Some friends of Coleridge arrived at his cottage in Nether Stowey in the June of 1797.  Unfortunately, he suffered an accident the morning they were to arrive and was unable to move about for the duration of their stay. One evening, the group went for a walk in the surrounding area, leaving Coleridge behind for a few hours in the garden.  “This Lime-Tree Bower my Prison” was written in their absence. It is one of the most pointed and clear descriptions of the natural landscape of the West Country. It seems to have two aims.  The first is a lamentation of his inability to attend the nature walk and the second is a commiseration with friend Charles, who too is unable to enjoy natural beauty as he is mired in city life.

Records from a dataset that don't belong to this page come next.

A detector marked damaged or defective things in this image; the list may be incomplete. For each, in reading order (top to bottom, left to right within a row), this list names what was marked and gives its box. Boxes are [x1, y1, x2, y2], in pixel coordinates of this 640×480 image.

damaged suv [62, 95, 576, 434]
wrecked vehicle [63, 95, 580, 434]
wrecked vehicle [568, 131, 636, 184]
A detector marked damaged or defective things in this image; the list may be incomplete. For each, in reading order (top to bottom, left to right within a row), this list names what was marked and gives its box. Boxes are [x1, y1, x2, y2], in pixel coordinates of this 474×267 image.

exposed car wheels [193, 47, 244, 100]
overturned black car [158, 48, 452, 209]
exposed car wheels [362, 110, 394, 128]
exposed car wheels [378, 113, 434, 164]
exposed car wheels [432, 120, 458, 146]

The first underlying motive comes across as the initial displeasure of a child unable to partake in the party, but as Coleridge relates to Charles, the disappointment, by the end of the poem, turns into a euphony of nature.  Simultaneously at work therefore is Coleridge’s running description of the evening, and the process of thought that brings him to the realization: “Henceforth I shall know / That Nature ne’er deserts the wise and pure” (Lines 59-60).

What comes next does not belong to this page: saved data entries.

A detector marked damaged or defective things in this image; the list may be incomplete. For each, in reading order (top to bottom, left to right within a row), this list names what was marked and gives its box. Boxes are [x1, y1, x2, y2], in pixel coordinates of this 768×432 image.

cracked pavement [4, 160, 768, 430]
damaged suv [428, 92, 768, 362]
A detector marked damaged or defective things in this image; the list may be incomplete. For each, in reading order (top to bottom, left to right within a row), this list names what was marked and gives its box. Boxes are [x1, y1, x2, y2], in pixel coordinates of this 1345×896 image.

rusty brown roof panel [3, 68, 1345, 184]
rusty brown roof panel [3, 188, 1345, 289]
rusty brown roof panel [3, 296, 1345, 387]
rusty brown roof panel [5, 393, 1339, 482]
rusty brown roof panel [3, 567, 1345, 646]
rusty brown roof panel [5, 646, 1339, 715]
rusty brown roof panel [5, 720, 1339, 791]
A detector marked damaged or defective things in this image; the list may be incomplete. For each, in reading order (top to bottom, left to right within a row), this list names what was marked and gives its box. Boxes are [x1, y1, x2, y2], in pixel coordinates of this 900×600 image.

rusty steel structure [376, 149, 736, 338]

He begins, “Well, they are gone, and here must I remain, / This lime-tree bower my prison!” (Lines 1-2)  Each word seeps with bitterness, the first rush of emotion, the outburst, when we don’t get our way. Almost suggested is that it his friends’ fault for leaving him behind rather than his disability. Ironically, while lamenting missing out on the “Beauties and feelings” that nature would have provided, so powerful as to leave indelible marks on the memory for him to recall in old age, he lambasts the lime-tree bower beneath which he sits, as much a part of the nature he is unable to experience. He is so lost to his emotion, he cannot put things straight. Bitterly, he describes his friends meandering about, in “gladness,” the heath atop the hill to the sprawling dell below.  From this dell Coleridge gleans detail, pondering each aspect of it, the ash, the yellow leaves which ripple with the rush of the waterfall, the profile of a rank of “long lank weeds;” and it appears that in describing the dell, his attention shifts from his friends whom he must follow with his eyes, to the natural beauty they enjoy itself.  From his vantage point, forced into a seat of reflection, his anger dissipates, and the language of the poem shifts from primal force to the airiness of a daydreamer.

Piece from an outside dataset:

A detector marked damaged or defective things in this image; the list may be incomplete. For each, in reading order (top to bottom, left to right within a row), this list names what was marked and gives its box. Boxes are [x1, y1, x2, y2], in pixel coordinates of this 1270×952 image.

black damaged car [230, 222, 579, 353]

Again his attention is brought back to his guests, who depart the dell and “emerge” into a vast expanse, a meadow, a field, maybe a plain, still happy in their travels. Quicker than before, Coleridge shifts his attention to, this time, not nature, but friend Charles. In seeing the gladness of his guests, Coleridge feels the sadness of Charles, who is unable to enjoy this nature. In seeing this vista through Charles’ eyes, Coleridge completely loses the former sense of dissatisfaction and in its place, revels in the chance occurrence of his seat beneath the bower tree. His friends are not to be mentioned again. He follows the veins through to the sun-drenched tips of a leaf, takes in a walnut tree somewhere nearby, massive elms, and the silent fluttering of a passing bat.  This last part appears to be the culmination of his long journey. What before seemed his bad luck now appears his good fortune: “’Tis well to be bereft of promised good, / That we may lift the Soul, and contemplate / With lively joy the joys we cannot share” (Lines 65-67).

It is apparent throughout Coleridge’s oeuvre, especially in the example of this poem, how he imbues his art with the landscape in his immediate setting. His description of the surrounding area, spanning more than just Nether Stowey but the Quantock Hills, to the sea beyond, put in mind the very experience he desires at the onset of the poem; so powerful an experience it would leave a mark on the memory as vivid to the sight as to the memory when sight fails. Therefore, with vividness he must capture the landscape, to secure the picture in memory, and to relate the scene to friend Charles, Coleridge becomes a middleman between nature and the reader, and his poem a consummate fusion of the element of mind with the elements.